(South African Medical Journal. 2004;94(12):951-2)
In family medicine teaching there are specific steps one should take for the closure of a consultation, such as summarising, follow-up arrangements and various reinforcement and reflective processes. Well, that is the theory, anyway. It is sometimes called ‘methods of breaking rapport’. Yet somehow quite a few of my consultations don’t seem to pan out in this way.

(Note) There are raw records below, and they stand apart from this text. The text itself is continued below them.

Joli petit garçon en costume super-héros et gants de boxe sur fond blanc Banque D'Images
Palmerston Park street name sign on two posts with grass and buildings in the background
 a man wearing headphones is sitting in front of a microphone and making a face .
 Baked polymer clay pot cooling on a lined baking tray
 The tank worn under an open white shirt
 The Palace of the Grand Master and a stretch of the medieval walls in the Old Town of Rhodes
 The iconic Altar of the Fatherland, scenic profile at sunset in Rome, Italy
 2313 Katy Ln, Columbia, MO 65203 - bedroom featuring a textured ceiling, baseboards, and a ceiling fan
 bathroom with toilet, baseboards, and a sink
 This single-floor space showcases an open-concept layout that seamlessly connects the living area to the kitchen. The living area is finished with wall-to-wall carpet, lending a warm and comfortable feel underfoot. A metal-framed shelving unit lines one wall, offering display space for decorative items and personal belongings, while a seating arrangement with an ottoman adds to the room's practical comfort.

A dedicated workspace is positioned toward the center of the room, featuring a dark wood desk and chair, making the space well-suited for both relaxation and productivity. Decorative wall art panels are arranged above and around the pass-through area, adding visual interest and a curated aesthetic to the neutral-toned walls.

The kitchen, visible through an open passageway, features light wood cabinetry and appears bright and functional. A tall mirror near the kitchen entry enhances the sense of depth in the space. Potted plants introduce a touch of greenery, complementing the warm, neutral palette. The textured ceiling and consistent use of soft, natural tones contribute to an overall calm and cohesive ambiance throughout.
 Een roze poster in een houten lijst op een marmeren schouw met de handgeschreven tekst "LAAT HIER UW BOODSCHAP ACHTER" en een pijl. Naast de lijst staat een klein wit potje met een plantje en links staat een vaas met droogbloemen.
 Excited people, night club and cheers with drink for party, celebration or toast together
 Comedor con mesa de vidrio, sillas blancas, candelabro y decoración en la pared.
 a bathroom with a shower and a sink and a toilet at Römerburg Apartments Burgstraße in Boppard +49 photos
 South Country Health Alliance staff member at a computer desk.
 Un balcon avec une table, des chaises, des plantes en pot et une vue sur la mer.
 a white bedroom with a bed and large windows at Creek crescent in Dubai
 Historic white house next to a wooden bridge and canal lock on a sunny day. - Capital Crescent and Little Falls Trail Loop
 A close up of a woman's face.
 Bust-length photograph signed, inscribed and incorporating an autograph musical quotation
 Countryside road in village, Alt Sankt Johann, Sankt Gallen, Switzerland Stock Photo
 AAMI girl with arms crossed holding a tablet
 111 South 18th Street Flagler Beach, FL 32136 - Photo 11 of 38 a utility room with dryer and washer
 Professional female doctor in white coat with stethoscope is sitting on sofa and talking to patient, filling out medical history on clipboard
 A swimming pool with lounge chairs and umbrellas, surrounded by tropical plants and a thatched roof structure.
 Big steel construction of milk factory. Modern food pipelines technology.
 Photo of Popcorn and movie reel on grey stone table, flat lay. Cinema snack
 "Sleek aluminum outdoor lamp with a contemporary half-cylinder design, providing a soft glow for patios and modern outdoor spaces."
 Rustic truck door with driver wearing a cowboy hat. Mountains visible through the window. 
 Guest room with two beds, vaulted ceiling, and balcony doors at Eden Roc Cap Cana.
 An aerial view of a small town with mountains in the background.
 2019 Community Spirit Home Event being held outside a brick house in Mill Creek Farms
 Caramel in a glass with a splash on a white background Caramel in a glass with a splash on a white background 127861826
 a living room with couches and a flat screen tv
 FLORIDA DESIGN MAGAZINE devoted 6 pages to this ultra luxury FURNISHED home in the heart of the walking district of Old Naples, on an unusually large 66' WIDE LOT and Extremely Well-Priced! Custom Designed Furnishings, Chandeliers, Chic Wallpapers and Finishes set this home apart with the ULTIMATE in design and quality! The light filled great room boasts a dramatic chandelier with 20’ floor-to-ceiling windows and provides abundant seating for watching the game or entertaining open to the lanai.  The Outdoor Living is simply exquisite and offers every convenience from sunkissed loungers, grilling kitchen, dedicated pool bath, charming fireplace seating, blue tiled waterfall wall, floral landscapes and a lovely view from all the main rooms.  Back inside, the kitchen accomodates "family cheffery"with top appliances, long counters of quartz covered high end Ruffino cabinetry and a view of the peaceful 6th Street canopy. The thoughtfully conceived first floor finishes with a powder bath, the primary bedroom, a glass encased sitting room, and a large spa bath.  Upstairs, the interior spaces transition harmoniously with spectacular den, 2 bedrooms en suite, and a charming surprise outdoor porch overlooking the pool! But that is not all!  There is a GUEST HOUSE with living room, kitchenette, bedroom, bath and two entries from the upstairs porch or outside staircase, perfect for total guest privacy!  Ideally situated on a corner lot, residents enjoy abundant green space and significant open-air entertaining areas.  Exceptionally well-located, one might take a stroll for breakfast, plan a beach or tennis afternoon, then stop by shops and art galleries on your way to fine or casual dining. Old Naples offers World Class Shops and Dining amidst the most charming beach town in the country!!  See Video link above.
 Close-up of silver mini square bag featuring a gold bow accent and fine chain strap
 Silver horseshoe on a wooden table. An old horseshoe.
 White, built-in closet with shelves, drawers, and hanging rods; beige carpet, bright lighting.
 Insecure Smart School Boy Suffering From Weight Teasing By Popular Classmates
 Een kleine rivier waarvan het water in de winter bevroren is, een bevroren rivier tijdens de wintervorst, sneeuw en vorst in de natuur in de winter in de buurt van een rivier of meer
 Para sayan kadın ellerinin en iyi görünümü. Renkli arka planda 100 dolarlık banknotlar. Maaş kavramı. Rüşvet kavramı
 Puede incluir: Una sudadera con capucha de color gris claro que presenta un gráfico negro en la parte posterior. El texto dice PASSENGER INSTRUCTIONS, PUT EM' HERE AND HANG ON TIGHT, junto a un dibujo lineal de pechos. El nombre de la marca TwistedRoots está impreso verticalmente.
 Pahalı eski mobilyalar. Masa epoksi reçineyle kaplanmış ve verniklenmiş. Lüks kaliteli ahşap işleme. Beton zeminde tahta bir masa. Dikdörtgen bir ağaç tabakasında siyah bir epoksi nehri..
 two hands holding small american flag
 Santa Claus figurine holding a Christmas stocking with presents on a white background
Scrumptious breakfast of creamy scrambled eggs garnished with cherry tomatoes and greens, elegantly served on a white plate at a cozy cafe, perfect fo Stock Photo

Take for instance, my Mrs McNaughton*. Trying to finish a consultation with her is an art form in itself. After the main business of the consultation has been completed and the blood pressure has been taken, the abdomen palpated and the prescription written, I rise with her folder in my hand. It is my first grand hint. As I head for the door she says ‘but Doctor Chris that is not why I came in to see you ...’. It is like the false start for the 100 m when the chap fires the starting pistol twice and you have to return to the starting line. We then proceed back to the examination couch and examine the new complaint and return back to our original positions in our respective chairs. Having readjusted her prescription I resume my position under starter’s orders, manage a fairly swift take-off and get to the consulting door while simultaneously engaging in ‘closure’ conversation to the effect that the consultation is now over.
She, on the other hand, is still firmly embedded in her chair and is craning her neck around to see where I have gone, quite oblivious to my behaving like a cat on a hot tin roof. I have now opened the door and am waving it gently in a beckoning rhythm which seems eventually to have the required effect. As she passes between me and the door she suddenly stops, and putting her hand into her bag, says ‘oh, I nearly forgot, could you fill in these chronic medications forms for me ...?’. I find myself at this point gripping the door handle in a firmer way than is perhaps necessary and experiencing a form of air hunger where I hyperventilate with increasing inspiratory stridor.
I give this as an example of symptoms or requests, in this case of both the patient and the doctor, that can happen at the very end of a consultation.
Patients may never reveal their real motive for coming to the doctor for several reasons such as shyness, perceiving that the doctor is too rushed, or because the doctor is on a different wave-length. This may lead, at the end, to patients mentioning their most pressing problem almost as an aside, as their hand is on the door handle.
My first experience of a significant door-handle symptom was when I had just qualified and was in practice in a small village on the west coast of Canada. I was looking after a Mennonite colony living up in the hills. The Mennonites are a fundamentalist religious sect rather like the Amish, who were made famous in Harrison Ford’s film, Witness.
I was looking after a young married Mennonite woman and attended the delivery of her baby at our local hospital. In the following year she consulted me frequently for various complaints and one day I informed her, after we had completed the consultation, that I was leaving the village to go to Africa. She thanked me for looking after her; as she got to the door and with her hand on the door-handle, facing the door, she said ‘I don’t get orgasms’. I don’t believe she would ever have mentioned it if I had not been leaving the practice. (I can’t remember how I responded, as I was trained at medical school in the sixties when ‘not getting orgasms’ was not included in the curriculum. It was then the beginning of a wider sexual awakening in North America and Europe and orgasms were becoming compulsory. Of course now it is the first question I ask after ‘are you on medical aid?’.)
Apart from sexual problems patients often leave unspoken many fears of dreaded diseases. A colleague of mine had a patient who consulted him for low lumbar back pain. He examined him thoroughly and explained with the aid of a diagram that the cause of his backache was a disc degeneration. He prescribed anti-inflammatories and asked the patient to contact him if the pain did not go away. The patient reached the door after the consultation and with his hand on the door-handle turned to my colleague and said ‘so from what you have told me then I don’t have cancer’. Conditions that may seem perfectly straightforward to the doctor may have a completely different significance for the patient.
Recently a man presented to me with symptoms of a kidney or urinary infection. He even suggested that he thought his problem was an infection in his kidneys. I tested the urine, which was clear, and reassured him that the symptoms might be caused by muscle spasm. I was aware that there might be another agenda, but it was at the end of the day and my superbly tuned incisive diagnostic skills were not at their sharpest. We ended on that note and as he got to the door he said, as an aside, ‘I believe there is a pill for it nowadays’. I knew intuitively exactly what he was talking about. He was referring to Viagra and we went on to raise the subject, so to speak.
My most recent door-handle symptom involved a man with sores on his arms and legs. I explained that they were Natal or veld sores and were caused by bacteria. I prescribed antibiotics to take by mouth and a nasal cream, which I explained was to kill the reservoir of organisms in his nose. As he went out of the door he hesitated and said ‘do you think I should have an AIDS test?’. I asked why he thought this was necessary. He replied that a worker in his factory had just died of AIDS and his symptoms had started with skin sores. I had treated his condition, but I had completely missed his reason for coming to see me.